Merchandise Operating Committee Sample Clauses

Merchandise Operating Committee. Buyer and Seller will form a committee (the “Merchandising Operating Committee”) that will address all day-to-day operational, financial, and other issues that may arise with respect to this Agreement, including its interpretation, the Parties intent reflected in this Agreement, and the policies and practices between Seller and its Affiliates and the businesses comprising Buyer’s businesses in effect immediately prior to the Effective Date. The Merchandising Operating Committee will discuss all of these issues and will attempt to resolve informally all Disputes in accordance with Section 18(b)(i). The Merchandising Operating Committee will consist of three employees of each Party or of an Affiliate of the Party, in all cases as designated by the Party.
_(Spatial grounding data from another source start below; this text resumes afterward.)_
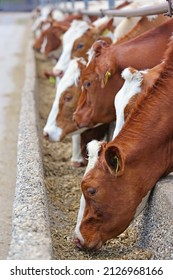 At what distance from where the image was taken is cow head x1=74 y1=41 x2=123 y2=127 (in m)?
6.20

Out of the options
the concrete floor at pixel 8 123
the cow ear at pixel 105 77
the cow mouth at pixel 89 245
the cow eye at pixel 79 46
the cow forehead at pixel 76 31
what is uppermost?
the cow ear at pixel 105 77

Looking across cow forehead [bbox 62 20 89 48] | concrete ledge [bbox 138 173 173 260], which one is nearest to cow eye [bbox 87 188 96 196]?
concrete ledge [bbox 138 173 173 260]

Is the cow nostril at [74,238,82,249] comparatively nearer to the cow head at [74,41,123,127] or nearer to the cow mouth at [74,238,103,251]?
the cow mouth at [74,238,103,251]

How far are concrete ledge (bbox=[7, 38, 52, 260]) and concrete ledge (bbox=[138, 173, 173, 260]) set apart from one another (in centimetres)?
65

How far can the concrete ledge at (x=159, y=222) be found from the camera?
423 cm

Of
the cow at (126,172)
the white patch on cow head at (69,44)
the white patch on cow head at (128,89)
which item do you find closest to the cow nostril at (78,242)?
the cow at (126,172)

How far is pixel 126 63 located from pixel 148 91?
1438 millimetres

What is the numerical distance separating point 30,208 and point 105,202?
18.0 inches

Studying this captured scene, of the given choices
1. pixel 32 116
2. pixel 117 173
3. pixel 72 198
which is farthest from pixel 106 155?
pixel 32 116

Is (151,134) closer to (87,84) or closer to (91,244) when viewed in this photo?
(91,244)

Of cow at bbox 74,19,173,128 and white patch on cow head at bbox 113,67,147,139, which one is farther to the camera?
cow at bbox 74,19,173,128

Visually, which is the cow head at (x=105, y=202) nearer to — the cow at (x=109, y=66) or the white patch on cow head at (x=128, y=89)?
the white patch on cow head at (x=128, y=89)

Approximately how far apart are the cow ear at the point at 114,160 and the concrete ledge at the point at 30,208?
1.62 ft

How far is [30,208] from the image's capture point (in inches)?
175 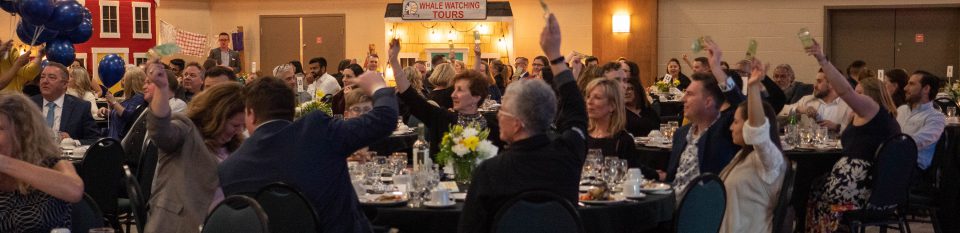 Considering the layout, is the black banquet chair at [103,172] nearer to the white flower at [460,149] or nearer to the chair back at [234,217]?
the white flower at [460,149]

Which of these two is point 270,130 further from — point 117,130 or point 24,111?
point 117,130

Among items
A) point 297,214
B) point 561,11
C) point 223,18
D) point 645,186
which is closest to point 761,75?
point 645,186

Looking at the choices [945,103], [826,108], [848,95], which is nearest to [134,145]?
[848,95]

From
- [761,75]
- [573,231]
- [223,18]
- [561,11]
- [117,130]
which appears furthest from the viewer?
[223,18]

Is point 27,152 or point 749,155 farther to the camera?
point 749,155

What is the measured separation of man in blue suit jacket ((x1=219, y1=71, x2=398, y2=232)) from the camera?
13.0ft

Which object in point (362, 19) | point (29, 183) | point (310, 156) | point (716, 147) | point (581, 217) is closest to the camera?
point (29, 183)

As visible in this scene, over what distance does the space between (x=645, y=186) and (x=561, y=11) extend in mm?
13136

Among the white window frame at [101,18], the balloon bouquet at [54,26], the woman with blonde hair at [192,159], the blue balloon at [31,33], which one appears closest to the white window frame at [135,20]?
the white window frame at [101,18]

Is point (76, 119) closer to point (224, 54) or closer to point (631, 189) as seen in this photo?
point (631, 189)

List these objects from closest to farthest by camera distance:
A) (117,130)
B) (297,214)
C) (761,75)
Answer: (297,214)
(761,75)
(117,130)

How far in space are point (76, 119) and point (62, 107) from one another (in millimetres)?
129

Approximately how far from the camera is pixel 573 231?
145 inches

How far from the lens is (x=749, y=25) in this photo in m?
17.0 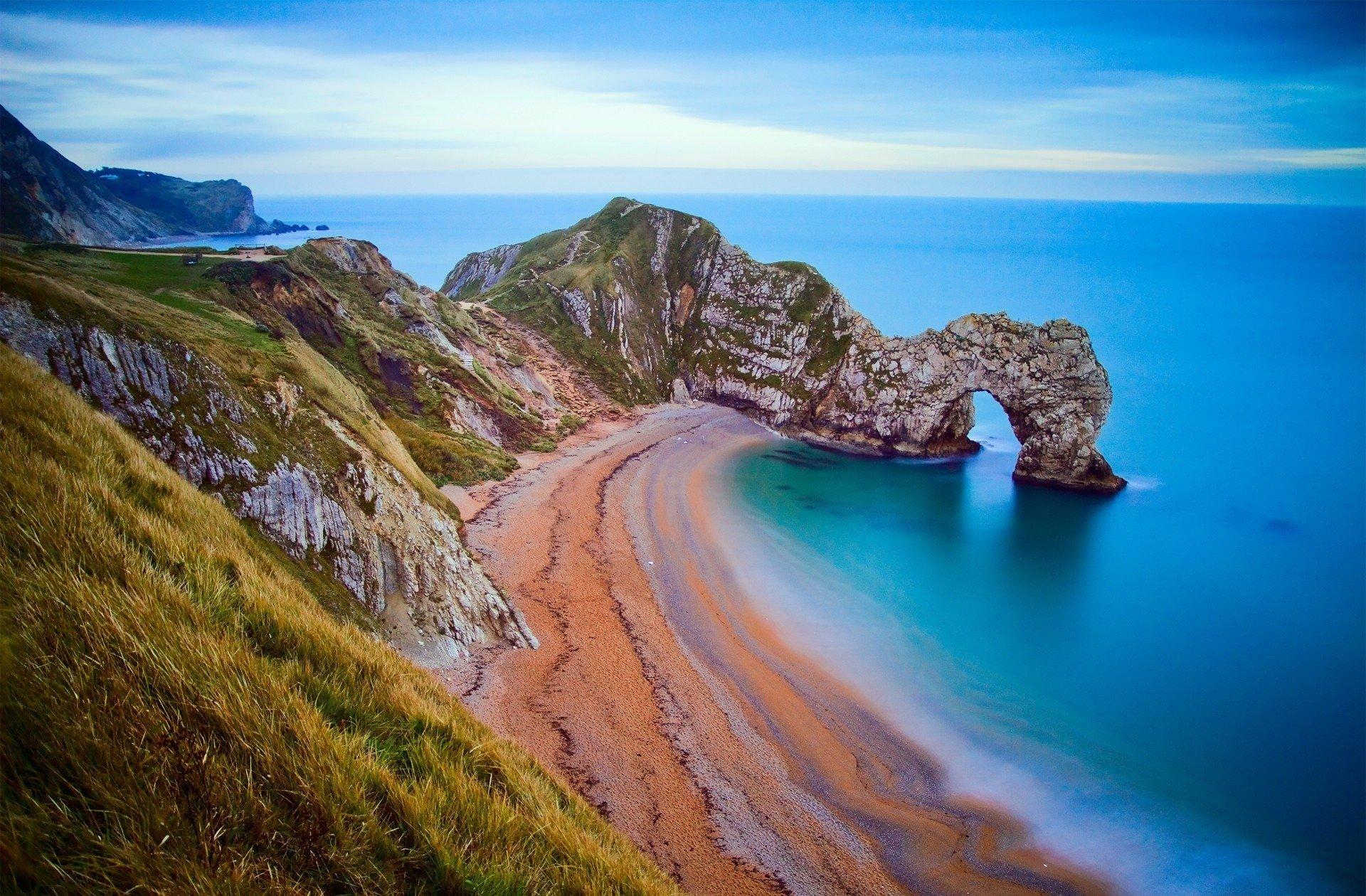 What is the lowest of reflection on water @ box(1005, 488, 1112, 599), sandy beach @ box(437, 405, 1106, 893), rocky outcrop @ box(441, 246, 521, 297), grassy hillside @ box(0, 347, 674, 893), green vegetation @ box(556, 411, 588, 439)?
sandy beach @ box(437, 405, 1106, 893)

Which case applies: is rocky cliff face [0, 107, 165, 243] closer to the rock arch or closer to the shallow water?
the rock arch

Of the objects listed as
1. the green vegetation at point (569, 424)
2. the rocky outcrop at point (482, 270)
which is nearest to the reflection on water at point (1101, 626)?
the green vegetation at point (569, 424)

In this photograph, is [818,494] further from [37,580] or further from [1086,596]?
[37,580]

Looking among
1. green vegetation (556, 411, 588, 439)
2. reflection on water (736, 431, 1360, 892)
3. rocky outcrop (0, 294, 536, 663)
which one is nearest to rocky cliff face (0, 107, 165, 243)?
green vegetation (556, 411, 588, 439)

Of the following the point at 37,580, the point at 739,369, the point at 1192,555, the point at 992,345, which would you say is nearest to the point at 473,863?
the point at 37,580

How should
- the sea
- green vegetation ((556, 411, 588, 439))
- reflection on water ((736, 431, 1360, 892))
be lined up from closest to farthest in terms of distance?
the sea, reflection on water ((736, 431, 1360, 892)), green vegetation ((556, 411, 588, 439)) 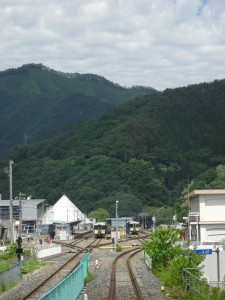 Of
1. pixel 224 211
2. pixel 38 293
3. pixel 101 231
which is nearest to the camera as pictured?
pixel 38 293

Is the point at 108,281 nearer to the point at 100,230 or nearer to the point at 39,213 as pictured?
the point at 100,230

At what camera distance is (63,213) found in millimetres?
136500

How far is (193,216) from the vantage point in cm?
5812

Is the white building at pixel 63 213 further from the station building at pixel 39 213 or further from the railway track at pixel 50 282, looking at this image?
the railway track at pixel 50 282

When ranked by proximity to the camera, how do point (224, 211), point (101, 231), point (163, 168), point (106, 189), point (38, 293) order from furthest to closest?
point (163, 168) → point (106, 189) → point (101, 231) → point (224, 211) → point (38, 293)

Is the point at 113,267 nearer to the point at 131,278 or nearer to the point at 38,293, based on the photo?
the point at 131,278

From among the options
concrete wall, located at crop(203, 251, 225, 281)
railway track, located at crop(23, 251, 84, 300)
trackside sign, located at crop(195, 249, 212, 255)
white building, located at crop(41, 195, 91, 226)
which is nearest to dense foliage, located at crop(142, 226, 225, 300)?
concrete wall, located at crop(203, 251, 225, 281)

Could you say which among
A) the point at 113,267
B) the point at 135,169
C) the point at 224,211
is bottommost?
the point at 113,267

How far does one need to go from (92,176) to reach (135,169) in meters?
12.3

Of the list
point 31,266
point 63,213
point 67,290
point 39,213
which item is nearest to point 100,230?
point 63,213

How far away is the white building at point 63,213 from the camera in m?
135

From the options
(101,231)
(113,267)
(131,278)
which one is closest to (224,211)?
(113,267)

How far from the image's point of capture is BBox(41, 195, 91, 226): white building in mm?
134750

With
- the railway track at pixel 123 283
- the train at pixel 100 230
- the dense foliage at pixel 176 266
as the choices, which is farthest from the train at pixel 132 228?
the dense foliage at pixel 176 266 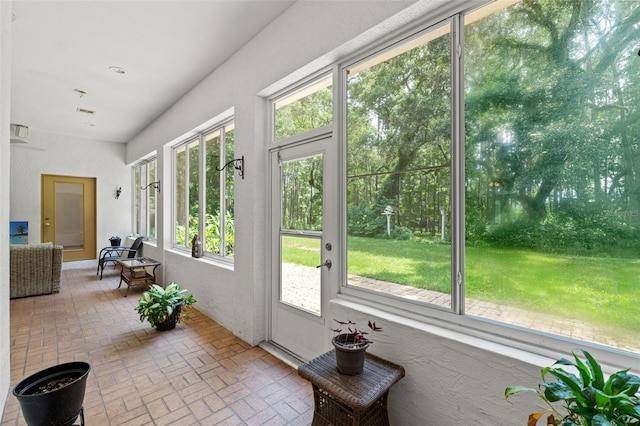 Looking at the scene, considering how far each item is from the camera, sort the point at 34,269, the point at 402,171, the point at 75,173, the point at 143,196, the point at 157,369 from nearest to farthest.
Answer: the point at 402,171, the point at 157,369, the point at 34,269, the point at 75,173, the point at 143,196

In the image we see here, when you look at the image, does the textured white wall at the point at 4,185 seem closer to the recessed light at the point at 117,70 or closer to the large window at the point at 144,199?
the recessed light at the point at 117,70

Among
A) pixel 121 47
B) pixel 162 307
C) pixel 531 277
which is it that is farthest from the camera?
pixel 162 307

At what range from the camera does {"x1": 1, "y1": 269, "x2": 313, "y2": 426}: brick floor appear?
193 cm

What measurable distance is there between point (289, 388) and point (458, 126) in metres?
2.16

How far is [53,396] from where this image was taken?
4.76 ft

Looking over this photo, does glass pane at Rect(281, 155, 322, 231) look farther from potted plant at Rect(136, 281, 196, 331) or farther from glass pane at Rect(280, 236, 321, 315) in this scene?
potted plant at Rect(136, 281, 196, 331)

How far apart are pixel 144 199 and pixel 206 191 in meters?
3.55

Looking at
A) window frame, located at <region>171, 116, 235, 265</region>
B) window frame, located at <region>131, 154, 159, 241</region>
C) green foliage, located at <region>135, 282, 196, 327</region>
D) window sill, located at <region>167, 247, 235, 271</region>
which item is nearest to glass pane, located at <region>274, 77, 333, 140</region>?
window frame, located at <region>171, 116, 235, 265</region>

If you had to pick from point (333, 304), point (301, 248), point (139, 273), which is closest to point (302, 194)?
point (301, 248)

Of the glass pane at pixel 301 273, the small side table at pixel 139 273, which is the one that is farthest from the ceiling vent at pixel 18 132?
the glass pane at pixel 301 273

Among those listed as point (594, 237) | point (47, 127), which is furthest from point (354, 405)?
point (47, 127)

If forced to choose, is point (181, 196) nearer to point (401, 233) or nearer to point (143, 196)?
point (143, 196)

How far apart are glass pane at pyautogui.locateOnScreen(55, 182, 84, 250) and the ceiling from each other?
2269mm

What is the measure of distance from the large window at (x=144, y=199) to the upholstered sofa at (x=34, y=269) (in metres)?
1.60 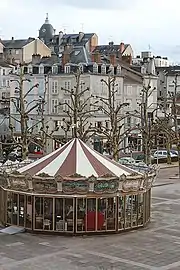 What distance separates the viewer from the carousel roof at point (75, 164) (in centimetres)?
2473

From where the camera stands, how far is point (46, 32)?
108m

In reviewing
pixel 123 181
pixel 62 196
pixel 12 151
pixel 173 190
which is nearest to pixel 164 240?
pixel 123 181

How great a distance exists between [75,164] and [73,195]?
5.31ft

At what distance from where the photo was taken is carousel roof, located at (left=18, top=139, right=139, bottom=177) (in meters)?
24.7

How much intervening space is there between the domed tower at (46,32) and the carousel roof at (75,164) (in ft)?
268

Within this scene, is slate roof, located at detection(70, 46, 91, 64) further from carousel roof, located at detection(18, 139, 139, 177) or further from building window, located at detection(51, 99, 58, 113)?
carousel roof, located at detection(18, 139, 139, 177)

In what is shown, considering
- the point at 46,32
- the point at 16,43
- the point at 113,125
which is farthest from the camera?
the point at 46,32

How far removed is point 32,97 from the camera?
66062mm

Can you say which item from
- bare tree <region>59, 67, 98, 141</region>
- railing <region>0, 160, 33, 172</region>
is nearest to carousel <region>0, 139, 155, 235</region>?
railing <region>0, 160, 33, 172</region>

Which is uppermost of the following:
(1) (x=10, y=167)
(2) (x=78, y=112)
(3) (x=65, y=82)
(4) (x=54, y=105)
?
(3) (x=65, y=82)

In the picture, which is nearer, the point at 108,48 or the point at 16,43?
the point at 16,43

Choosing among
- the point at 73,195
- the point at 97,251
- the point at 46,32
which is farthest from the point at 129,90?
the point at 97,251

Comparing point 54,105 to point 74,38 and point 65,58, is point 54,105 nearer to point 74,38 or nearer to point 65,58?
point 65,58

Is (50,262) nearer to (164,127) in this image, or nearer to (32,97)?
(164,127) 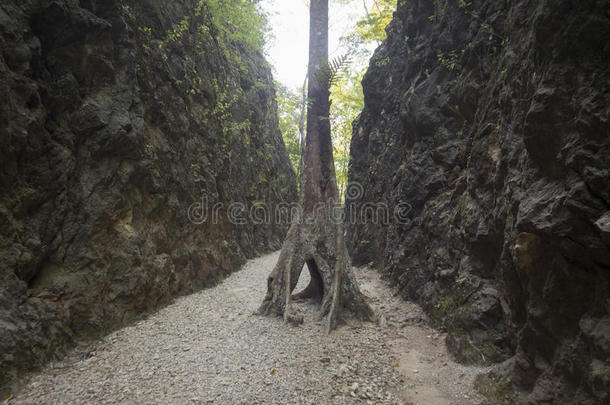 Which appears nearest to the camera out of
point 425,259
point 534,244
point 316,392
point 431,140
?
point 534,244

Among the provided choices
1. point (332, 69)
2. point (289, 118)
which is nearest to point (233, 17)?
point (332, 69)

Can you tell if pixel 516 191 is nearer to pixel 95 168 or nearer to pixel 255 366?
pixel 255 366

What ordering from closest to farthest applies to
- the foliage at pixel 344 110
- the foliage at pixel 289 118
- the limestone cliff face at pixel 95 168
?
1. the limestone cliff face at pixel 95 168
2. the foliage at pixel 344 110
3. the foliage at pixel 289 118

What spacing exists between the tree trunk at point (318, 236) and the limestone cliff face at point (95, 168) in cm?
241

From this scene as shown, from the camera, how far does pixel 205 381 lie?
3.52 metres

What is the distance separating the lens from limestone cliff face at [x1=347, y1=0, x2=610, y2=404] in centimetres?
235

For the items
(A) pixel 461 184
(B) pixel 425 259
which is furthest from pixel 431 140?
(B) pixel 425 259

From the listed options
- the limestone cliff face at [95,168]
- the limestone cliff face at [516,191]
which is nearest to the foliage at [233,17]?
the limestone cliff face at [95,168]

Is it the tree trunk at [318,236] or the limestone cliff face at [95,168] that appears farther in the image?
the tree trunk at [318,236]

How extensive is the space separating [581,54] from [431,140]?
4.16 meters

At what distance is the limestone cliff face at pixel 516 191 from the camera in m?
2.35

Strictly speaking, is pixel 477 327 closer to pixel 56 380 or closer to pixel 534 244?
pixel 534 244

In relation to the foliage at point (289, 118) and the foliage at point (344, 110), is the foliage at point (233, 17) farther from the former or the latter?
the foliage at point (289, 118)

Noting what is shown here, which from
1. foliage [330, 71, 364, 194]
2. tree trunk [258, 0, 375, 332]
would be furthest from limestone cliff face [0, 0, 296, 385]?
foliage [330, 71, 364, 194]
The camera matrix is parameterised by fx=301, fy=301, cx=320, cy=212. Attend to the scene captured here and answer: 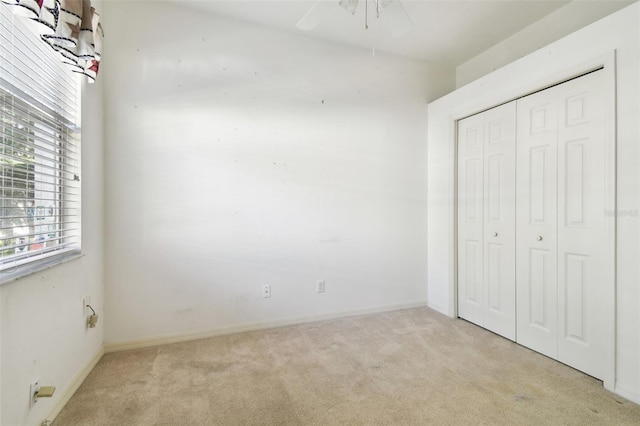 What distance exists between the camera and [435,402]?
170 centimetres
The initial employee designees are listed on Appendix 18(a). Each Party may replace one or more of its designees at any time upon notice to the other Party. Each Party will promptly fill all of its Merchandising Operating Committee vacancies as they arise by notice to the other Party. Unless the members of the Merchandising Operating Committee unanimously agree otherwise, the Merchandising Operating Committee will meet at least once every calendar month during the Term on the dates determined by the members of the Merchandising Operating Committee. If the members of the Merchandise Operating Committee cannot agree on a date or a time for a particular monthly meeting the meeting will occur at 1:00 p.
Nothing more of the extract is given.